--- Input Enclosed Below ---

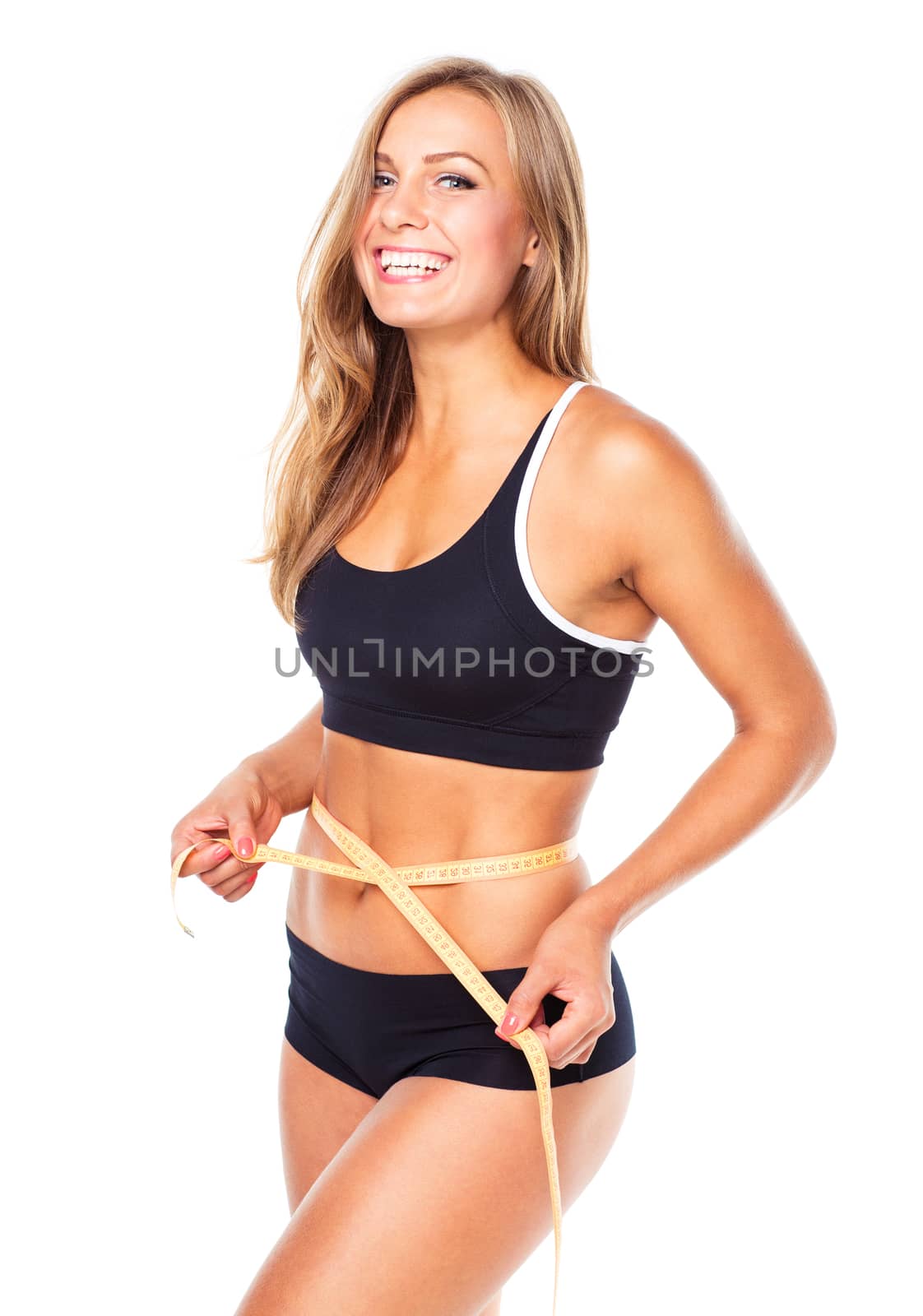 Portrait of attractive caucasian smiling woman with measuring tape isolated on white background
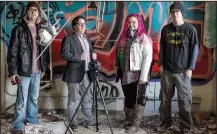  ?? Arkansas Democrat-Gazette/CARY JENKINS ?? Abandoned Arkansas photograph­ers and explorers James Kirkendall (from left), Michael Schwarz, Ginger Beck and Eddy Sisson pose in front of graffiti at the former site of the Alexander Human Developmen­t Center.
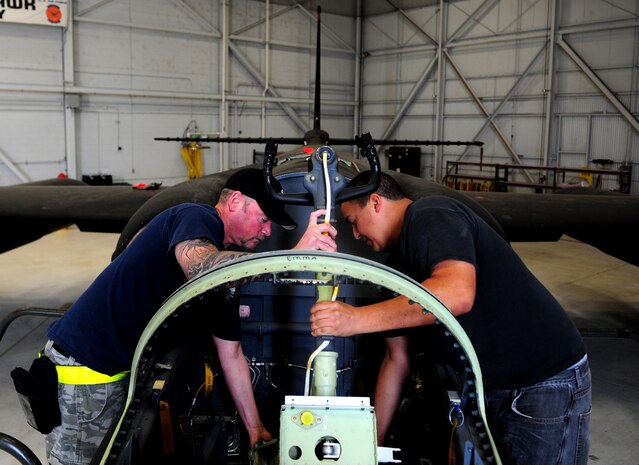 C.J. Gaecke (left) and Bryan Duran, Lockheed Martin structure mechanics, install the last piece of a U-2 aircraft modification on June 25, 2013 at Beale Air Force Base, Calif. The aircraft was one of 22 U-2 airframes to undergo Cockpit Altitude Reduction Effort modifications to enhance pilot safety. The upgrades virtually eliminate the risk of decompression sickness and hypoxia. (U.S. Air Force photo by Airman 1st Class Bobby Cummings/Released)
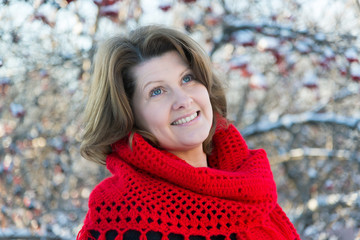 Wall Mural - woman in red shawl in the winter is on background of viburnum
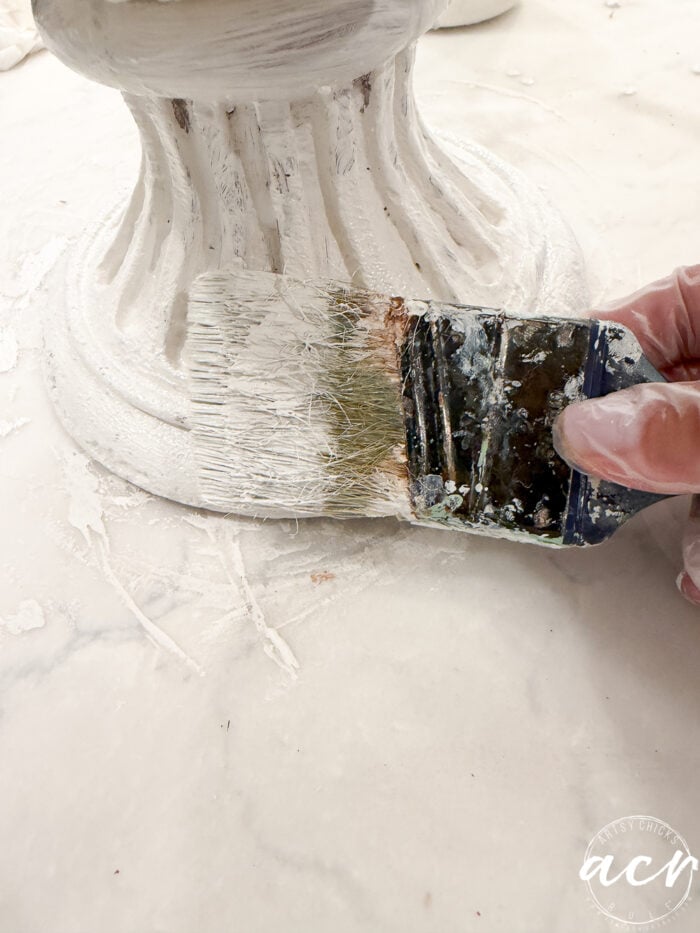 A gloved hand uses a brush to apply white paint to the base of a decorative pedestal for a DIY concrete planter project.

--- End of Enclosed Input ---

#### [Aim of the task]
Restate word for word the lines from the one holding "Wall Mural - woman" down through the last line of the records above, and do not include the pictures.

#### [Answer box]
 Wall Mural - woman in red shawl in the winter is on background of viburnum
 A gloved hand uses a brush to apply white paint to the base of a decorative pedestal for a DIY concrete planter project.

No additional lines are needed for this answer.